[Available data — start]

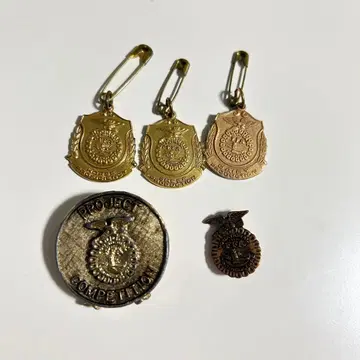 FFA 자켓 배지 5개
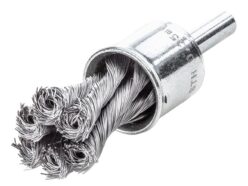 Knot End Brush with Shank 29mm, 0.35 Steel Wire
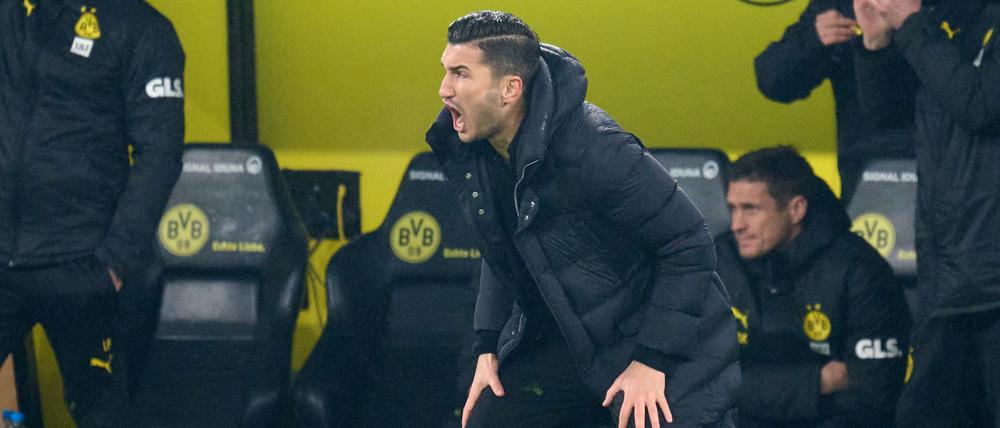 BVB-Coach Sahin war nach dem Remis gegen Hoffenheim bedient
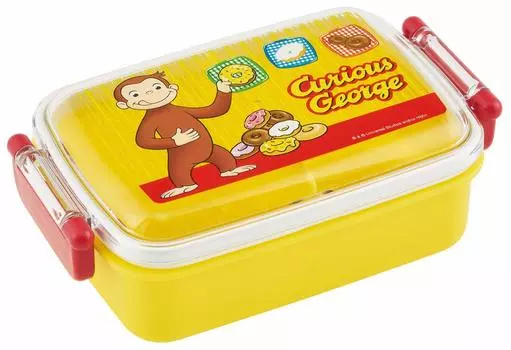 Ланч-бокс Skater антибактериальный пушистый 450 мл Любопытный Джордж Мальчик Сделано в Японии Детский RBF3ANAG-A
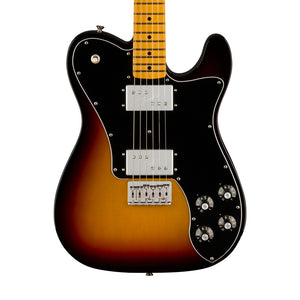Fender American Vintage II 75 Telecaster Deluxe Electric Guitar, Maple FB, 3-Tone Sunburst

[Available data — finish]
[Available data — start]

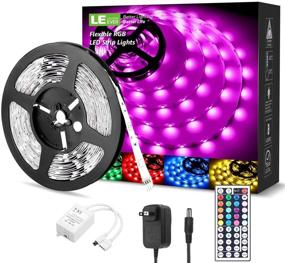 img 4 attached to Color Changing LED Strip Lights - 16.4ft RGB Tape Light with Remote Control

[Available data — finish]
[Available data — start]

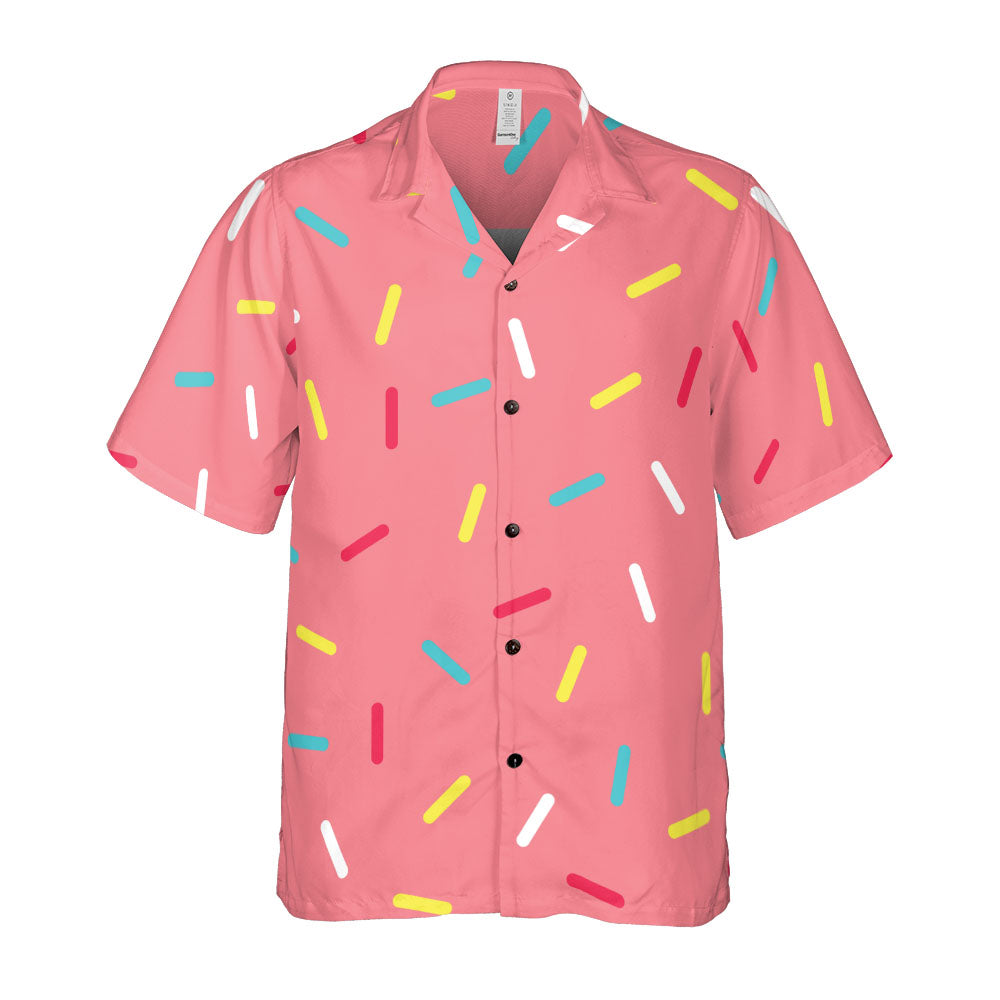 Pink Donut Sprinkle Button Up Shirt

[Available data — finish]

Problem details → From the records above, copy only the lines running from the line holding "Knot End Brush" through the line holding "Fender American Vintage", with no pictures.

Task response →
 Knot End Brush with Shank 29mm, 0.35 Steel Wire
 BVB-Coach Sahin war nach dem Remis gegen Hoffenheim bedient
 Ланч-бокс Skater антибактериальный пушистый 450 мл Любопытный Джордж Мальчик Сделано в Японии Детский RBF3ANAG-A
Fender American Vintage II 75 Telecaster Deluxe Electric Guitar, Maple FB, 3-Tone Sunburst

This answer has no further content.